## Problem statement
For any picture in the lines below, please leave it out and copy the rest exactly.

## Supplied data
((

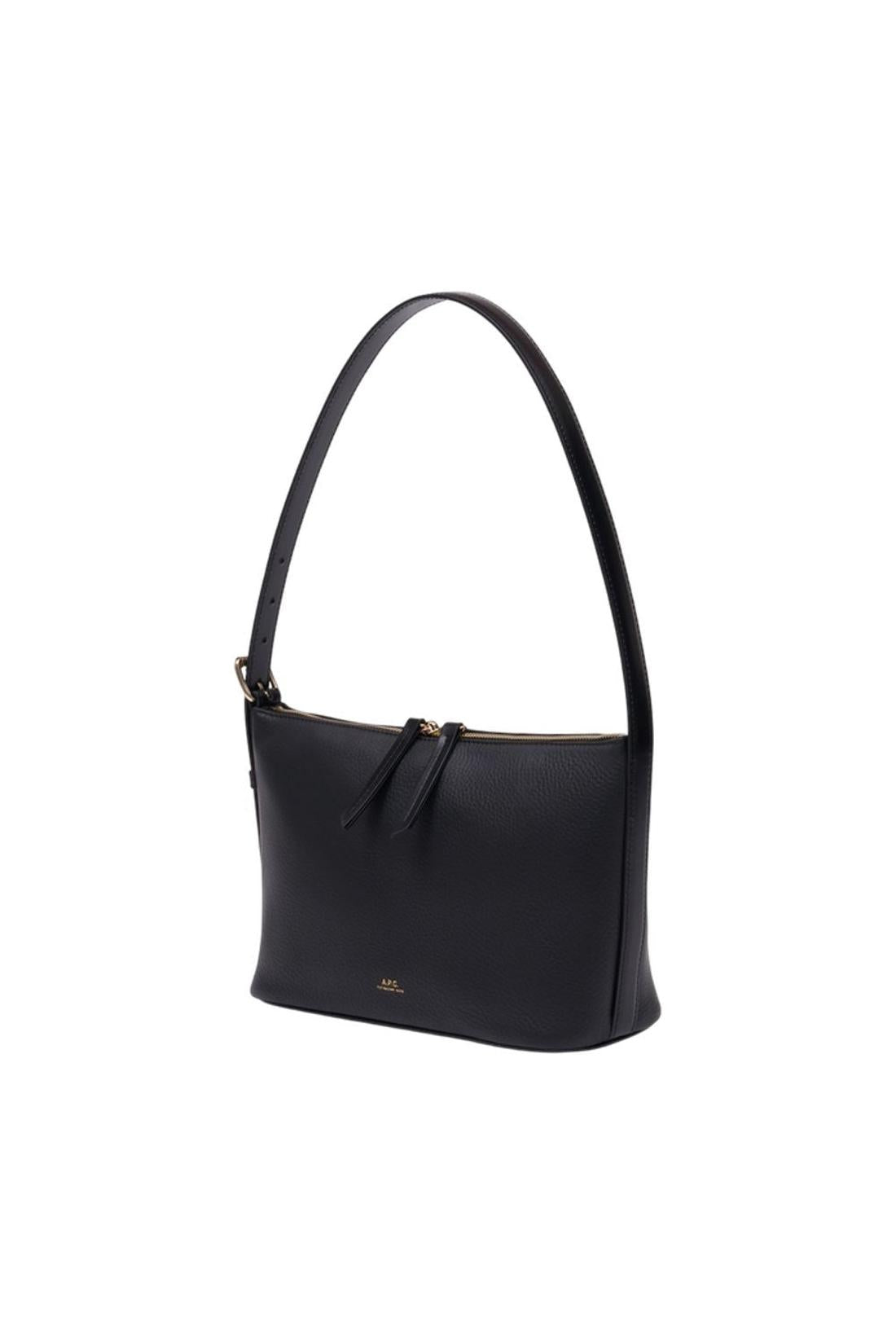 A.P.C.-Schultertasche Vera - A.P.C. - Leder - Schwarz-Taschen-Black-Deal-Outlet-by-ARCHIVIST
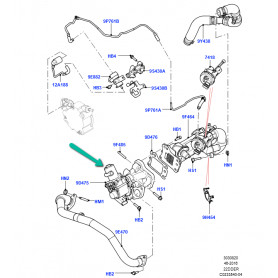 valve exhaust gasrecirculation Discovery Sport,  Freelander 2,  Evoque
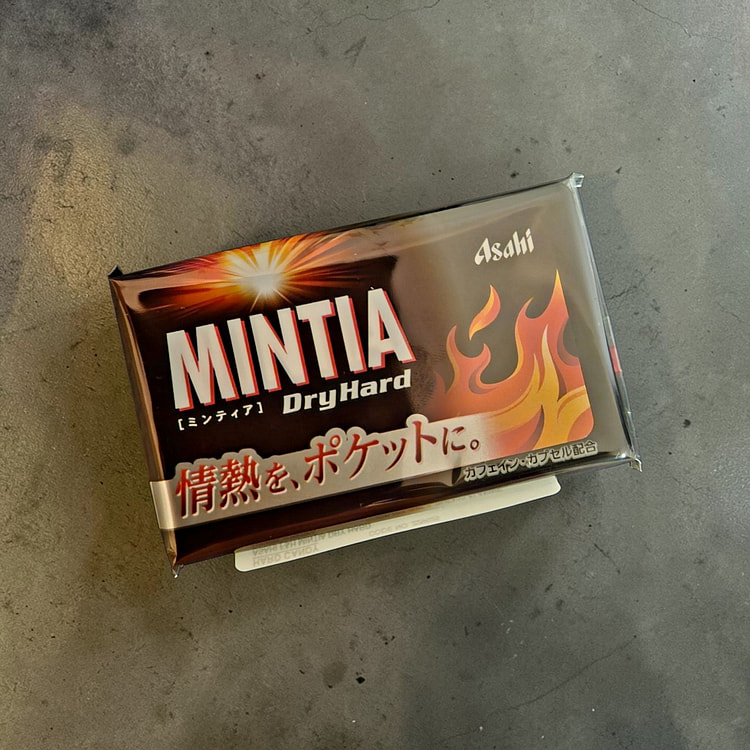 ASAHI Mintia Dry Hard Breath Mint With Caffeine 7 g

))

## Task result
 A.P.C.-Schultertasche Vera - A.P.C. - Leder - Schwarz-Taschen-Black-Deal-Outlet-by-ARCHIVIST
 valve exhaust gasrecirculation Discovery Sport,  Freelander 2,  Evoque
 ASAHI Mintia Dry Hard Breath Mint With Caffeine 7 g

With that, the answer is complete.